A couple of months ago I was looking for information about festivals in and around Stuttgart. I tend to love festivals and regional events because they're usually a great look at local culture. One of the ones that jumped out at me was the annual Bretzelfest that takes place in Speyer. If you know me, you know that I have a few things, including butter cakes and pretzels, that I'm obsessed with. It sounded like heaven - A PRETZEL FESTIVAL!!! I put it on the calendar and waited for the day like Christmas was coming.
Speyer's about two hours away via train (or an hour via car) and is right near the Hockenheim Ring that I went to about a month ago. It's a cool little town with a bunch of "classic", southern-German architecture. This clock tower is the gate to the old part of the town:
Speyer almost looks like it was created by Disney because it's so similar to what I have in my mind for what a southern-German village "should" look like.
This is the main street that leads from the clock tower to the Romantic church at the other end. We were lucky on the day we went because the weather was nice and not too hot or rainy.
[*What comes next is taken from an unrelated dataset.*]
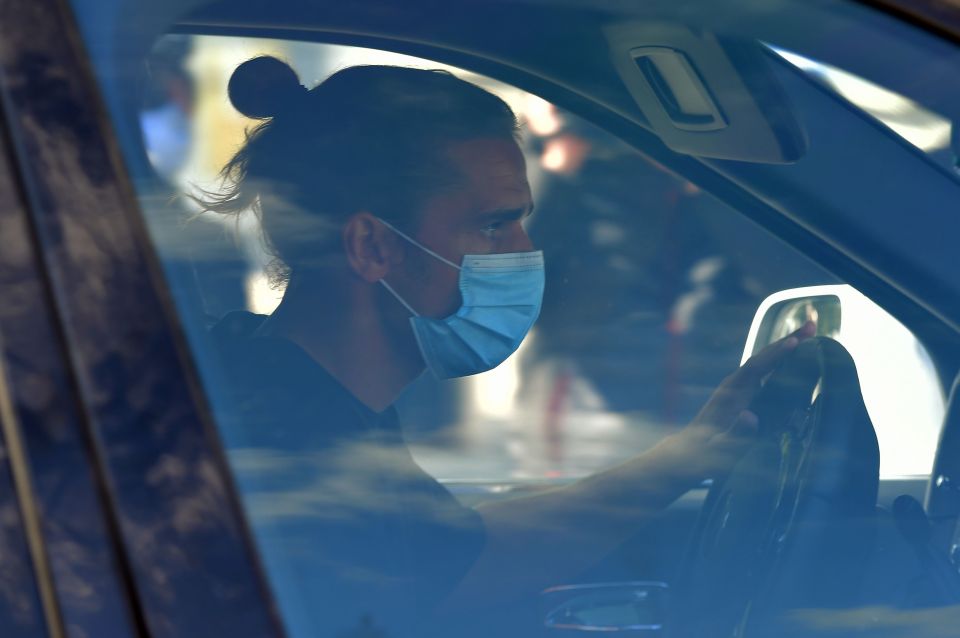 Antoine Griezmann wears a mask as he arrives for Barcelona Covid-19 testing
There were little hints all through the town of what was to come at the Bretzelfest (in case you didn't guess, Bretzel is pretzel in German). With each Bretzelfest banner and random art, I was getting even more impatient. These are kids pretzel drawings that are hanging in the window of an eyeglass shop:
Speaking of food obsession, I found a really good butter cake at a bakery in Speyer. Even though it had a great, buttery flavor, it wasn't runny.
Some more pretzel and Bretzelfest-related things: each white square has the logo of a past Bretzelfest. They've been holding this classic for over 100 years!
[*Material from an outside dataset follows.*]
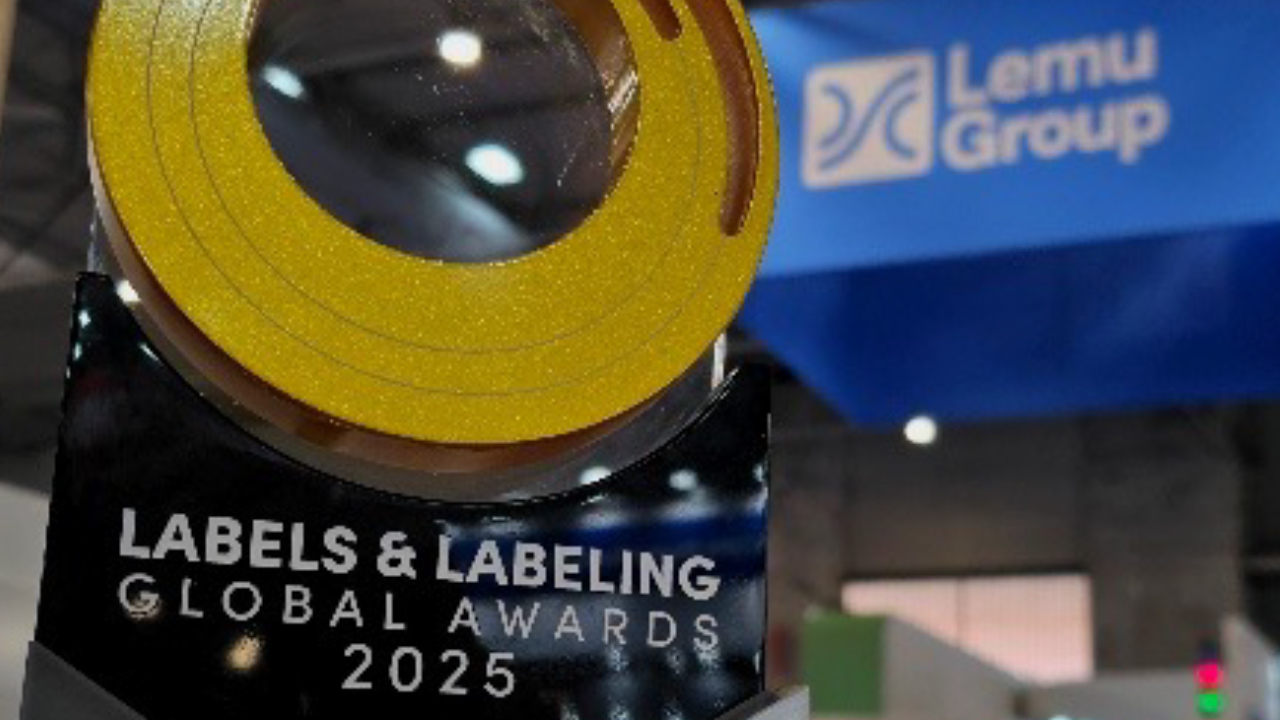 the L&L Global Award trophy in front of a LemuGroup banner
The town of Speyer was scenic and fun to walk through. You get to see a lot of the town of it as you walk from the train station at one end to the fair grounds at the other. We arrived at the fairgrounds right around 2:30pm and I was almost giddy...until...we went inside.
Bretzelfest...is...a...CARNIVAL!!! Complete with people yelling at you to try your luck on some game of skill. Yep, bumper cars, giant swing thing, and a bunch of other carnival attractions.
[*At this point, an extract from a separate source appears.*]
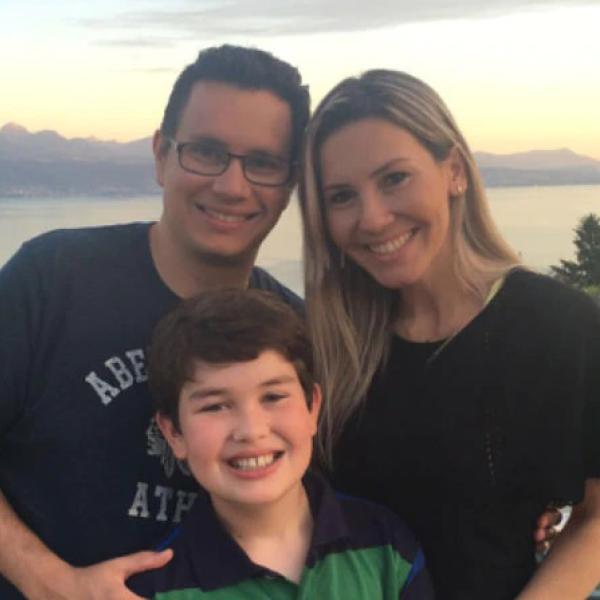 Nestlé employee with family smiling at the camera 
What was lacking at this pretzel festival was, however, any trace of pretzels or pretzel-related things. It reminded me a lot of the National Coffee Park in Colombia. When I went there, I expected to learn, you know, about coffee and have a chance to see coffee and coffee-related culture. Nope. It's an amusement park. Well, Speyer's Bretzelfest is pretty much "just" a carnival. No pretzel culture, no crazy pretzel-based foods to try. Like, for example, if this event was taking place in the United States, they'd have deep-fried pretzels, pretzel casserole, cheese pretzels, chocolate-covered pretzels, pretzel mascots, pretzel-themed gifts -- you get the idea. The only pretzel-related thing that I could find in the entire place was this one small booth selling pretzels:
Oh well, kind of a bust. We did go on Saturday and it seems like there was a parade and some other events scheduled for Sunday that might have made it better. Who knows.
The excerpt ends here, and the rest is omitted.